- [Activity]: From the line containing "Baja Designs Squadron-R" down to the line containing "Dalli Color Retro prášek 100p 6 kg" in the records below, reproduce every line exactly, ends included, and omit all others.

- [Excerpted data]:
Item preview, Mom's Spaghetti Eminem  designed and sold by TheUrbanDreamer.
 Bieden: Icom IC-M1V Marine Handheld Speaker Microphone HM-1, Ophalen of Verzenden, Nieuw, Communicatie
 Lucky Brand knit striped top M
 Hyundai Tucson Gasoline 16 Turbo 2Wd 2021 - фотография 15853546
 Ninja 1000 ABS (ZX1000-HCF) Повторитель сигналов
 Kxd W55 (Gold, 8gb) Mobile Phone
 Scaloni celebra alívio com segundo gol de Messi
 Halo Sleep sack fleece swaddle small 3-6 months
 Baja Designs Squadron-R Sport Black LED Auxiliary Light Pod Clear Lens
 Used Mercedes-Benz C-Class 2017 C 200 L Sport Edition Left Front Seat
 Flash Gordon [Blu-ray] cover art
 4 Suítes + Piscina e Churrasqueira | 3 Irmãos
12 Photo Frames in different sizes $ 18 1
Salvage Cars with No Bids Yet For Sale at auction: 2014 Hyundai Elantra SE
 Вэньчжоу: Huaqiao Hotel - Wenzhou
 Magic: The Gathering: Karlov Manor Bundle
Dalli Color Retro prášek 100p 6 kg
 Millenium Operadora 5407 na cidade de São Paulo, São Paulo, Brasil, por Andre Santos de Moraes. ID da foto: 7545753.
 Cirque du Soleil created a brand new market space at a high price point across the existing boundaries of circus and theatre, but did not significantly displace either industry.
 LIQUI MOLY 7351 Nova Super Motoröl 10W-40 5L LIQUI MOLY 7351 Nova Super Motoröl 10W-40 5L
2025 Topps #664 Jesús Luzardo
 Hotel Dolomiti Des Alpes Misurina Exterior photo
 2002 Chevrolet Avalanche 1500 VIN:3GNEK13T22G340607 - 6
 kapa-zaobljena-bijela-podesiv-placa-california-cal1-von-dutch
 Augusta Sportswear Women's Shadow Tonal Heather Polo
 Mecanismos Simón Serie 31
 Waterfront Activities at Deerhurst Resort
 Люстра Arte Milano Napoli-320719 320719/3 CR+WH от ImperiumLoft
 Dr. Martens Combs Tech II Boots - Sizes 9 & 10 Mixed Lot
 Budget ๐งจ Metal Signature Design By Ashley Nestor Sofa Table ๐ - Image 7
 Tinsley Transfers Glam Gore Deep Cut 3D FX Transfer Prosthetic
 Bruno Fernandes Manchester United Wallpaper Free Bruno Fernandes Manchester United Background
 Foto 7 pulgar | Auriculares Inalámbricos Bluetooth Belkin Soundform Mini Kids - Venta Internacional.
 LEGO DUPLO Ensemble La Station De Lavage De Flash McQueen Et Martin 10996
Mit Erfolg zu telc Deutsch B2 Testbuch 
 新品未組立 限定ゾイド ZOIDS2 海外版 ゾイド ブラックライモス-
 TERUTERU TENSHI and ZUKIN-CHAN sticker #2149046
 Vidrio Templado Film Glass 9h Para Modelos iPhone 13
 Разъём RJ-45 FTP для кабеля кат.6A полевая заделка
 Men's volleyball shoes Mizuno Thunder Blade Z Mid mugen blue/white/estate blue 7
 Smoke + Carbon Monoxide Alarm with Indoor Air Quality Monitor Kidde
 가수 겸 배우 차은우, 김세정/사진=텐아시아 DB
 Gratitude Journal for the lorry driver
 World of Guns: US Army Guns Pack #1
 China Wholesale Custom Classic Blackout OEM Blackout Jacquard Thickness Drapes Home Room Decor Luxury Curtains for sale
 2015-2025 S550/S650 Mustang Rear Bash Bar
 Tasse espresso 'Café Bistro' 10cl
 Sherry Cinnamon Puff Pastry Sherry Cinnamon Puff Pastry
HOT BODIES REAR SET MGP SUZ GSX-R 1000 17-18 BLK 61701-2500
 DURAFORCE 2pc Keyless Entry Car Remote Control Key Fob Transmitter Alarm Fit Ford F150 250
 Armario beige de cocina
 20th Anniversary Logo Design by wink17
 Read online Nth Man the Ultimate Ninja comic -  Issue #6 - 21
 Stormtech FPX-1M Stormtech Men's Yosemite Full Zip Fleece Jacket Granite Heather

- [Answer area]:
 Baja Designs Squadron-R Sport Black LED Auxiliary Light Pod Clear Lens
 Used Mercedes-Benz C-Class 2017 C 200 L Sport Edition Left Front Seat
 Flash Gordon [Blu-ray] cover art
 4 Suítes + Piscina e Churrasqueira | 3 Irmãos
12 Photo Frames in different sizes $ 18 1
Salvage Cars with No Bids Yet For Sale at auction: 2014 Hyundai Elantra SE
 Вэньчжоу: Huaqiao Hotel - Wenzhou
 Magic: The Gathering: Karlov Manor Bundle
Dalli Color Retro prášek 100p 6 kg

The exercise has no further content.